The diaphragm-type flush valves and the piston-type flush valve were described in numerous publications and patents. For example, various diaphragm-type flush valves are described in U.S. Pat. Nos. 5,125,621; 5,456,279; 6,216,730; or PCT publication WO91/17380, and the piston-type flush valve is described in U.S. Pat. No. 5,881,993.
Flush valve 10 includes a pilot chamber 36 formed by the dome 20 and diaphragm 12. Diaphragm 12 includes a control orifice 34, which enables water flow from main chamber 26 to pilot chamber 36 and thus causes pressure equalization between main chamber 26 and pilot chamber 36 separated by diaphragm 12. When the pressure is equalized, there is a net force on diaphragm 12 from pilot chamber 36 downward (on the diaphragm 12) since the diaphragm area in pilot chamber 36 is larger than the opposing diaphragm area in main chamber 26. The downward oriented net force keeps the valve closed by sealing main passage 14. To open flush valve 10, a pilot valve provides a pressure-relief mechanism that lowers the water pressure in pilot chamber 36. The pilot valve includes a pilot valve member 50 with a rod portion 58 displaceable by a plunger 56 connected to a manual flush handle 54. Pilot valve member 50 includes a pilot seat 52 for sealing against in the diaphragm plate 38.

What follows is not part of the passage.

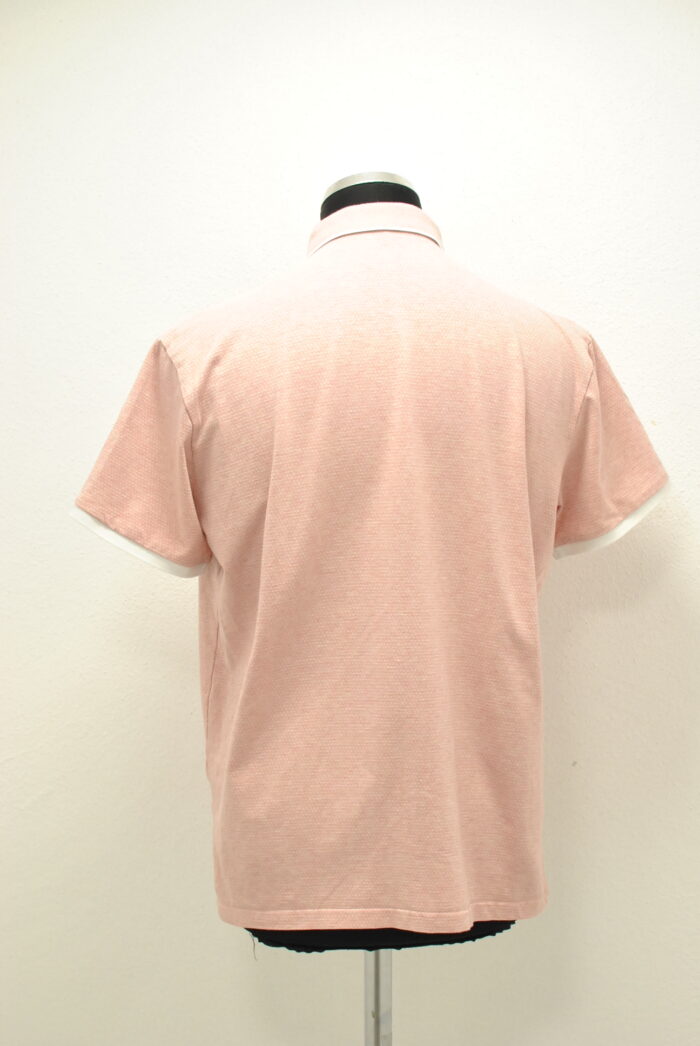U.S.P.A tricou tip polo pentru barbati marimea L - imagine 3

Operation of handle 54 causes displacement of plunger 56 against rod portion 58 of pilot valve member 50. When pilot valve member 50 is displaced, water flows with minimal flow resistance from pilot chamber 36 near pilot seat 52 through the relief opening 49, while control orifice 34 in the diaphragm plate 38 imposes considerable resistance to the compensating flow from main chamber 26 through orifice 34 to pilot chamber 36. Consequently, the pressure in pilot chamber 36 decreases significantly below the pressure in main chamber 26 so that the force exerted by pressure in pilot chamber 36 is lower than that exerted by the pressure in main chamber 26. Thus, the portion of the diaphragm plate 38 located interior to its clamped portion 59 flexes upward, rising off main valve seat 14 (i.e., main passage 14); this opens the valve and water flows from main chamber 26 to water output 32.
When a user releases flush handle 54, pilot valve 50 returns to its position on pilot valve seat 52, but the pressure in the pilot chamber 36 does not immediately return to the level in the main chamber 26 because the pressure-equalizing flow from main chamber 26 to pilot chamber 36 is restricted by the small size of control orifice 34. This delay in pressure equalization is desirable because for a predetermined length of time water flows from output 32 to the connected toilet or urinal. Ultimately, however, the water flow via control orifice 34 equalizes the pressure between main chamber 26 and pilot chamber 36 to the point at which the downward force on main diaphragm 12 overcomes the upward force, and the valve closes. This entire flushing cycle is repeated by moving handle 54.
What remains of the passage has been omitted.